Jusque-là, ces documents n’avaient pas été rendus publics. Grâce à des démarches auprès de la Commission d’accès aux documents administratifs (CADA), David Libeau, développeur, membre de l’association OpenKnowledge France et Marc Rees, journaliste pour le site d’investigation L’Informé, viennent de les obtenir et ont pu les mettre en ligne ce mercredi 11 janvier. Parmi eux, la « version en cours d’élaboration » datée d’avril 2020 de la fameuse note intitulée « Éclairer les évolutions du métier d’enseignant au XXIe siècle ». Un rapport qui, comme le reconnaissait lui-même le ministère de l’Éducation nationale auprès de la commission d’enquête, « a pu alimenter sa réflexion sur l’accompagnement des professeurs par leurs pairs (mentorat), le besoin de repenser leur formation et la nécessité de mieux valoriser leurs compétences. » Seule interrogation pour le journaliste Marc Rees, les métadonnées du document qui signalent une modification le 4 avril 2022, près de deux ans après le rendu : « je ne sais pas si cela correspond à une modification substantielle ou juste orthographique ou graphique », pointe-t-il.

En tout cas, tout au long des 204 pages pour l’instant disponibles, à la présentation léchée, alternant textes, graphiques et images d’illustrations, la note développe une vision de l’école conforme à celle développée par Emmanuel Macron au cours de sa campagne présidentielle de 2022, promouvant autonomie des établissements, rémunérations au mérite et fonctionnement décentralisé. Partant du constat que « le métier d’enseignant évolue profondément », McKinsey estime qu’« appréhender ces évolutions est une nécessité impérieuse pour permettre aux professeurs de continuer à assurer leur mission, au service de la réussite de tous les élèves ». Désormais, les professeurs « ne sont plus uniquement des « sachants » qui transmettent un savoir théorique, assure le cabinet de conseil. Mais ils offrent un accompagnement plus global au développement et à l’épanouissement de l’élève – y compris, en l’éduquant sur des sujets comme le respect de la diversité, le développement durable, l’équité sociale ou l’égalité des sexes. »

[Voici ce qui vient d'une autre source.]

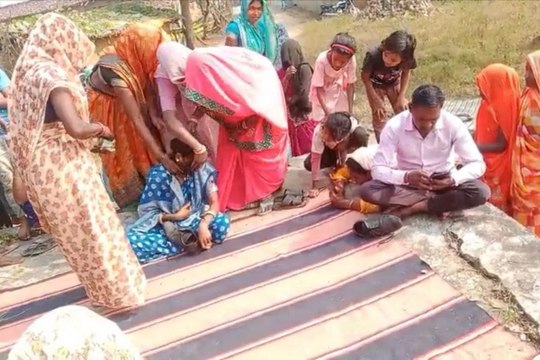 Crime video viral: भरी पंचायत में महिला और युवक का मुंह किया काला, फिर पहनाई जूतों की माला, 3 बच्चों की मां का अफेयर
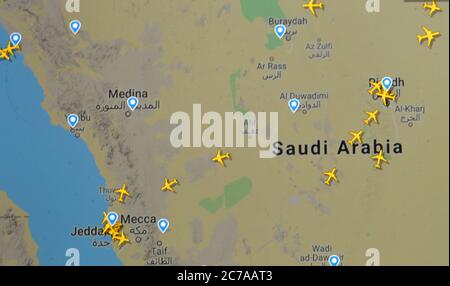 Trafic aérien au-dessus de l'Arabie saoudite (15 juillet 2020, UTC13.17) sur Internet avec le site Flightracar 24, pendant la période de pandémie du coronavirus Banque D'Images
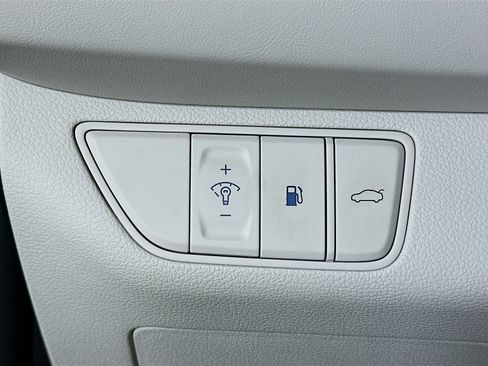 Used 2025 Genesis G70 2.5T image 17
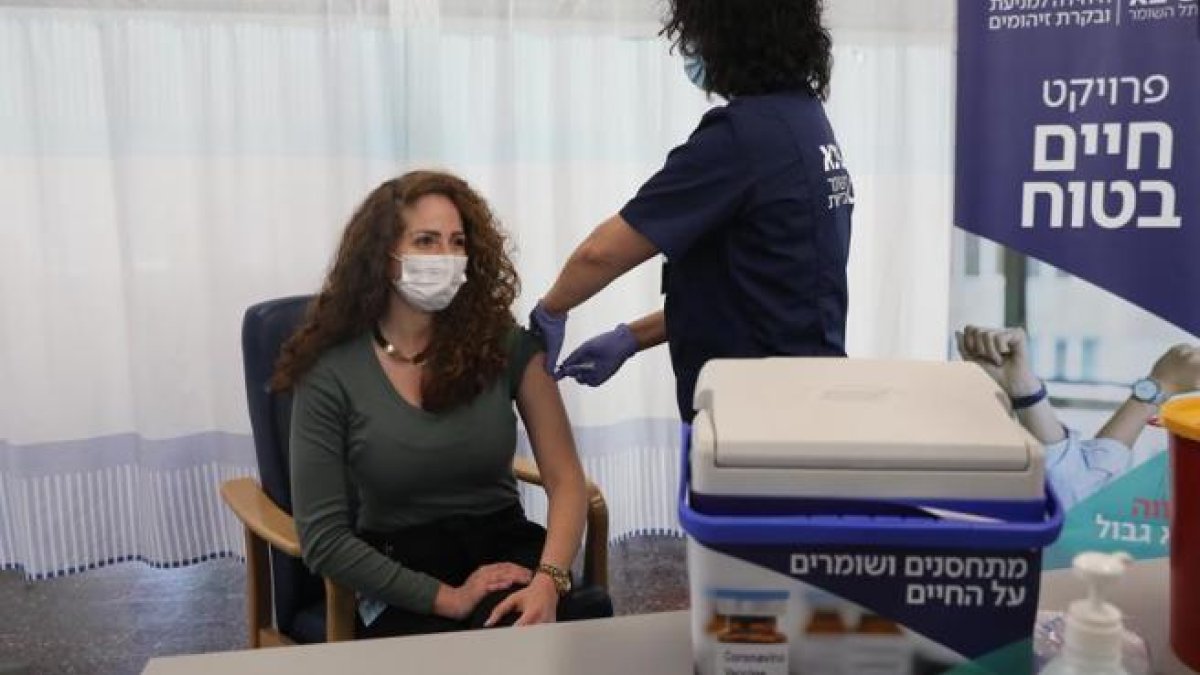 Por qué aumentan los casos de coronavirus al país que lidera las vacunaciones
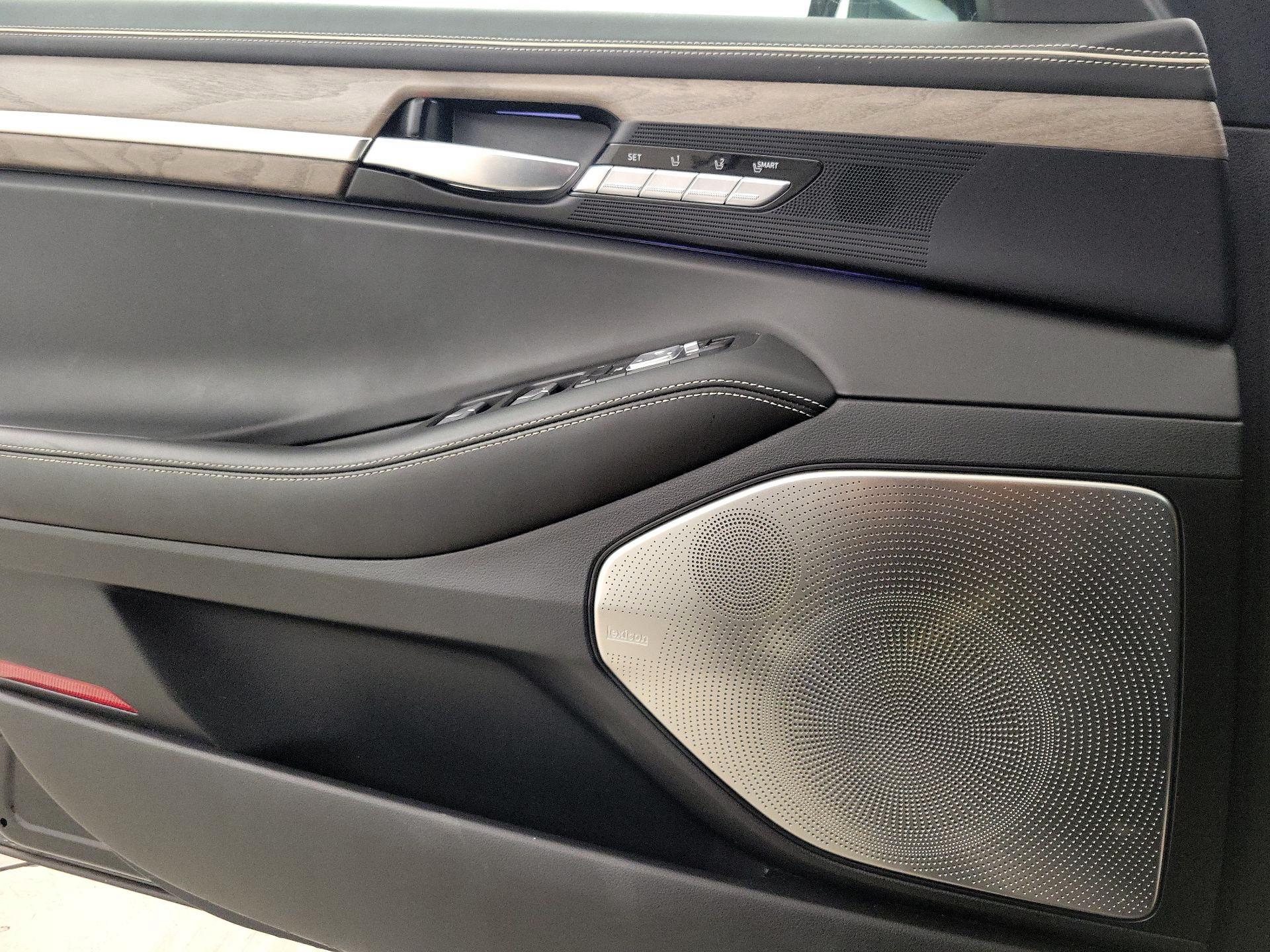 Thumbnail: 2022 Genesis G90 - 12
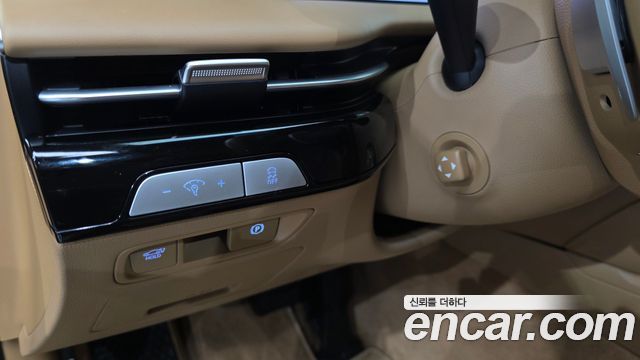 Genesis G80 (RG3) Gasoline 2.5 Turbo AWD 2025 — фото 13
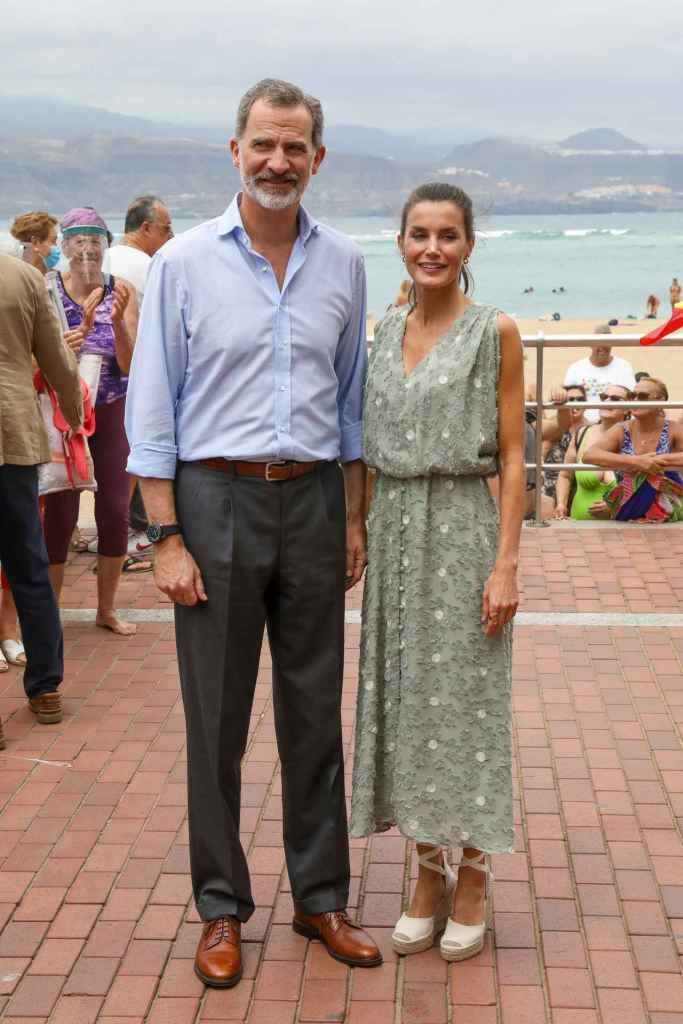 La reina Letizia con un vestido de Zara en su visita a Gran Canaria tras el coronavirus en 2020
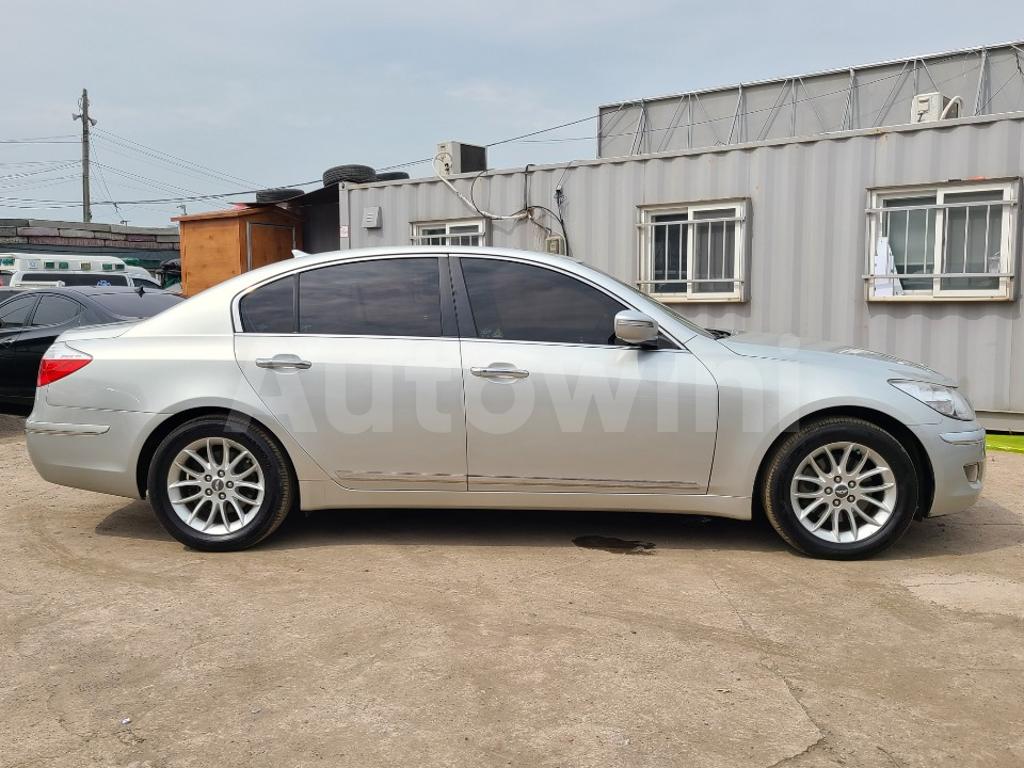 KMHGB41ABBU126608 2011 HYUNDAI GENESIS LUXURY SM.KEY/NAVI/ABS/VDC/AT-4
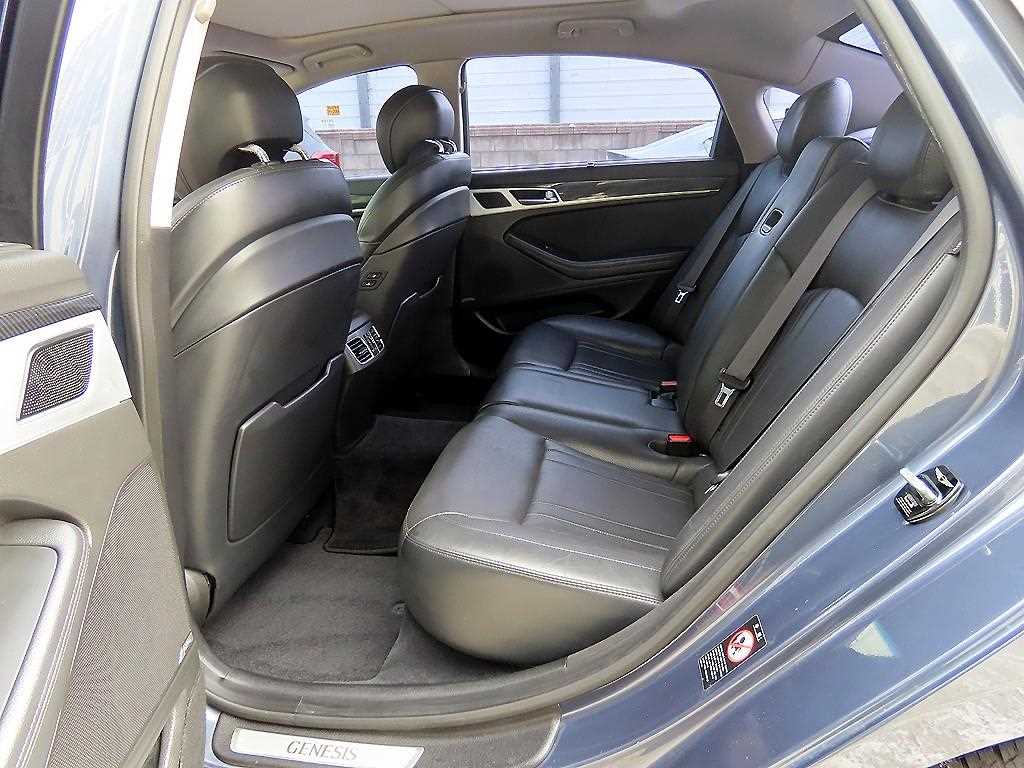 HYUNDAI Genesis - Vista 6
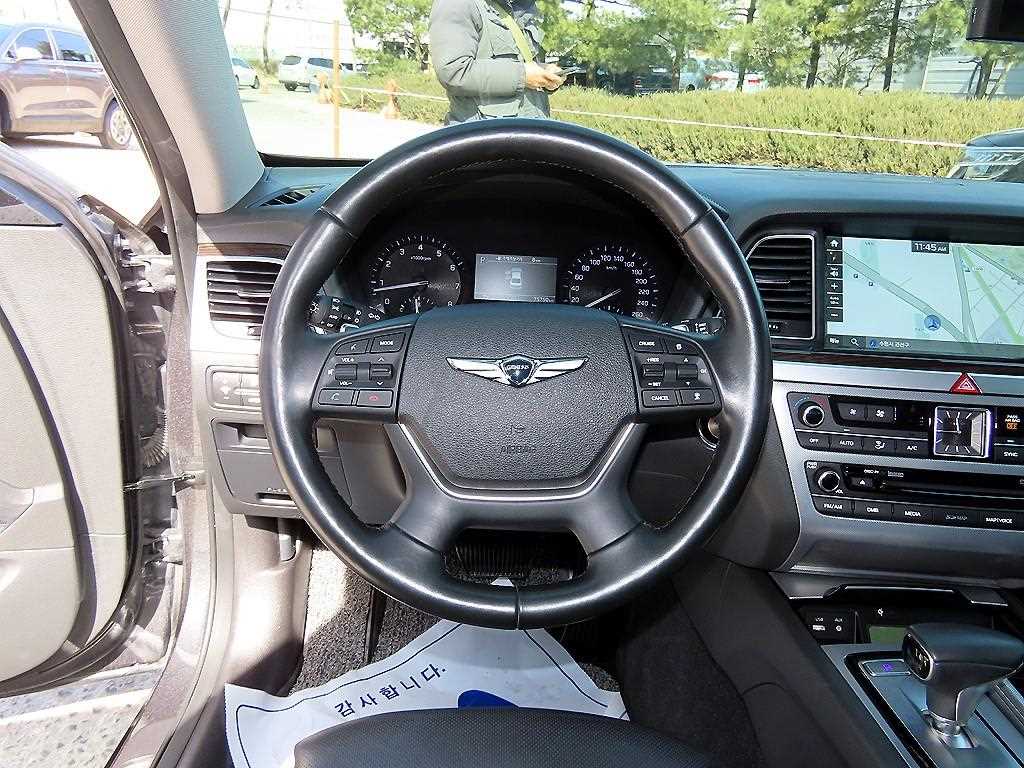 Genesis G80 - Vista 8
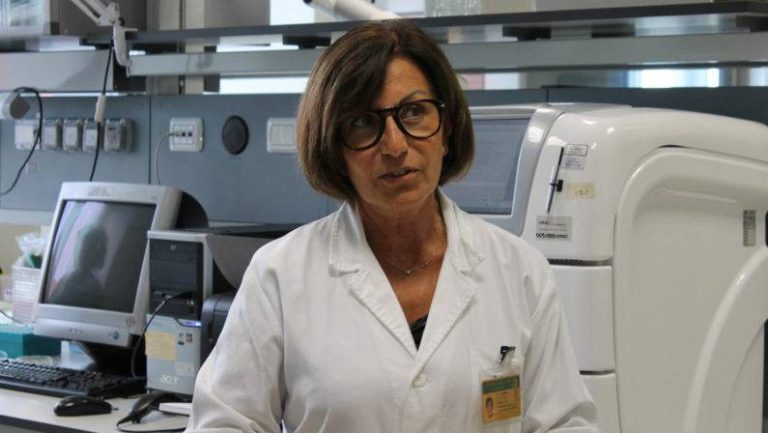 Coronavirus, per la virologa Maria Rita Gismondo il Covid-19 forse sta mutando, ci sono troppi morti in Lombardia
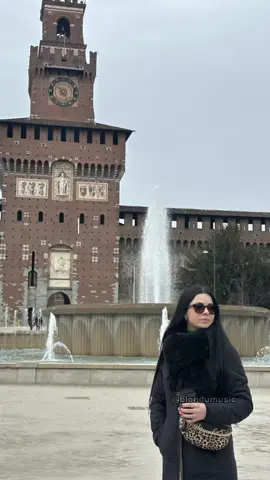 A post by @laviniamaria08 on TikTok caption: #CapCut #fyp #videoviral #f 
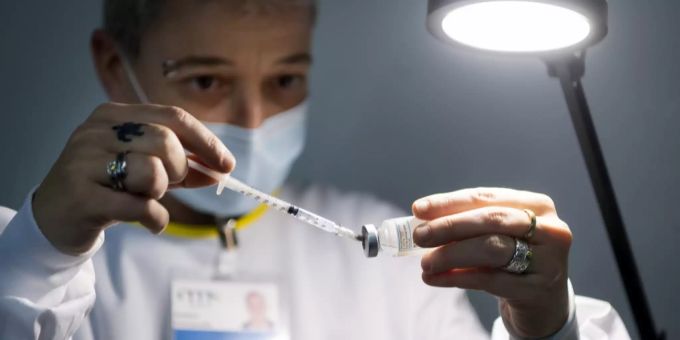 Eine Fachperson bereitet die Moderna-Impfung gegen das Coronavirus vor. Moderna Swissmedic
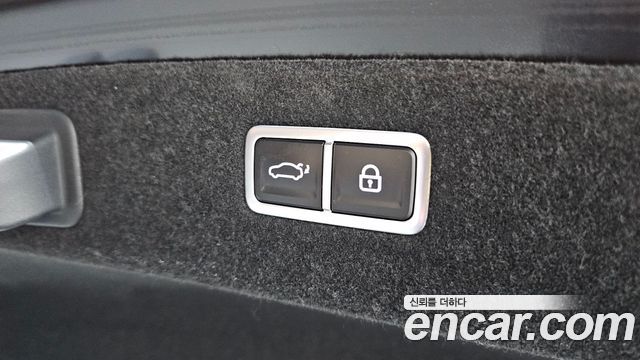Genesis G90 2023 — photo 32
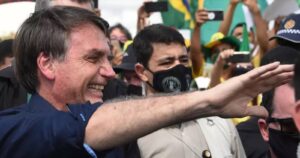 Bolsonaro aparece sin mascarilla en multitudinario acto, mientras los contagiados de coronavirus aumentan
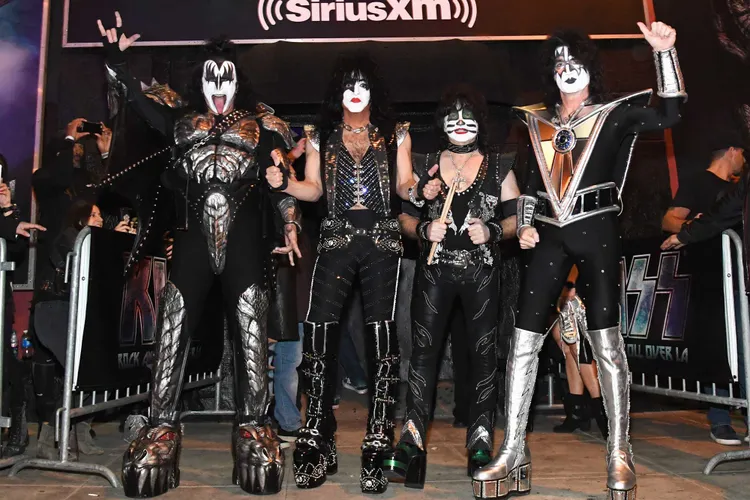 BITTER RIVALS UNITED IN GRIEF: KISS CO-FOUNDERS GENE SIMMONS, PAUL STANLEY, AND PETER CRISS REUNITE AT ACE FREHLEY’S MEMORIAL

Numérique et « esprit d’entreprise »

Pour répondre aux défis de l’époque, le rapport préconise donc de faire évoluer le quotidien des enseignants et leurs méthodes pédagogiques. Et pour cela, à de multiples reprises, le cabinet de conseil incite à développer l’usage du numérique. Si l’apprentissage de la programmation ou la sensibilisation à l’usage des outils informatiques sont certes essentiels, McKinsey va bien plus loin, faisant appel au numérique jusqu’à plus soif. Le cabinet de conseil suggère d’« accélérer la diffusion des méthodes comme l’apprentissage mixte », le « blended learning » (sic) qui consiste à associer apprentissage en ligne et cours.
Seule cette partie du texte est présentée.